In the cafeteria at St. Louis Community College-Forest Park, they were serving up opportunities.
It was the 'Accommodation for Success' reverse job fair put on by Slate, the St. Louis Agency on training and employment.
"This is actually, as far as we know the largest reverse job fair ever held in the United States for people with disabilities," said Jim Sahaida with Slate.
Instead of employers having booths, job seekers do, which gives people like 29-year-old Tom Jenkins, who has cerebral palsy, a chance to sell his abilities.
"I have all the marketing skills you need but I'm also very good with people," he told us.
Jenkins is just one of more than 80 job seekers who all want to work and are qualified to work. And some can be pretty persuasive.
"Companies, especially brick and mortar.
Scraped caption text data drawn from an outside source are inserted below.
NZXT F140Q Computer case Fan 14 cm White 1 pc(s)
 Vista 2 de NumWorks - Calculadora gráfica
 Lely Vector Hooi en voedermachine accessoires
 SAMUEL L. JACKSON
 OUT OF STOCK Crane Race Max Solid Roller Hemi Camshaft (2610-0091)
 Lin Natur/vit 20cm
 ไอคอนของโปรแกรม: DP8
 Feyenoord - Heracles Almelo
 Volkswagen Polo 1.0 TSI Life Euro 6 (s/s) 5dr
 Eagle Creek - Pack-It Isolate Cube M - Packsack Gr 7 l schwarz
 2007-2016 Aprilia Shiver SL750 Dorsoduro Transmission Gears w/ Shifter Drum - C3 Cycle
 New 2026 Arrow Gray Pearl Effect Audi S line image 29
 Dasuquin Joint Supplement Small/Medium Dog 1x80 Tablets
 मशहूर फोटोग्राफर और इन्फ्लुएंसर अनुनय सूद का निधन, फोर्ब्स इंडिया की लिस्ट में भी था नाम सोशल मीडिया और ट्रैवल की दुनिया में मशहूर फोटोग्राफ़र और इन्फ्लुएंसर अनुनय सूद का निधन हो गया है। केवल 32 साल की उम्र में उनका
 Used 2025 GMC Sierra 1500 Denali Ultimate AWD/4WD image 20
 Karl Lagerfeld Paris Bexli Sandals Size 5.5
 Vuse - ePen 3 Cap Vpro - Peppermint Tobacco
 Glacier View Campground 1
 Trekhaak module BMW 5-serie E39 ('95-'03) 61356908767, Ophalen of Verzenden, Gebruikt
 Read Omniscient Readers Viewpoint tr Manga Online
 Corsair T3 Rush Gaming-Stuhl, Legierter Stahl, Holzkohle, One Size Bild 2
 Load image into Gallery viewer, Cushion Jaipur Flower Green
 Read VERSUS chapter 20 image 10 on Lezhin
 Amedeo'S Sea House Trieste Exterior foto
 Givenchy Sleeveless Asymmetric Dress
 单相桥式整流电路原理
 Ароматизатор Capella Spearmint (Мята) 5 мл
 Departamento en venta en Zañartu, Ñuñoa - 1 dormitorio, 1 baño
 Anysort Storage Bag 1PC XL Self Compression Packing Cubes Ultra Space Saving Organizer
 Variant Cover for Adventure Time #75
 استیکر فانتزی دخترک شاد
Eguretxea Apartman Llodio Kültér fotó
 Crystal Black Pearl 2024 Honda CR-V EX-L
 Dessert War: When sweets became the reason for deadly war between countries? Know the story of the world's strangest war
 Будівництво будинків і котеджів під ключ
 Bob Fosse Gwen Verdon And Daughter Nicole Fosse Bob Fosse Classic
If you're going to be in competition and existence, you've got to really engage with social media marketing," explains an enthusiastic Sonya Yvette Jennings, who is fighting Lupus.
More than 70 different companies were represented including Ameren, Monsanto and the VA.
"There's just some fabulous people here that I've already met and I think they are going to find some avenues and opportunities today," explains Christine Jost, a recruiter with the St. Louis VA.
According to the Bureau of Labor Statistics, less than 20 percent of people with a disability are employed and Jenkins thinks he knows why.
"I think it's the fear of the unknown," he told us.
The goal of this job fair is to strip away those fears.
"And we're hoping that people are hired today on the spot," said Sahaida.
As one employer said, participating was not just the right thing to do. It was the smart thing to do.
"I'm willing to learn, I'm ready to learn and I'm just waiting for the opportunity," Jenkins said.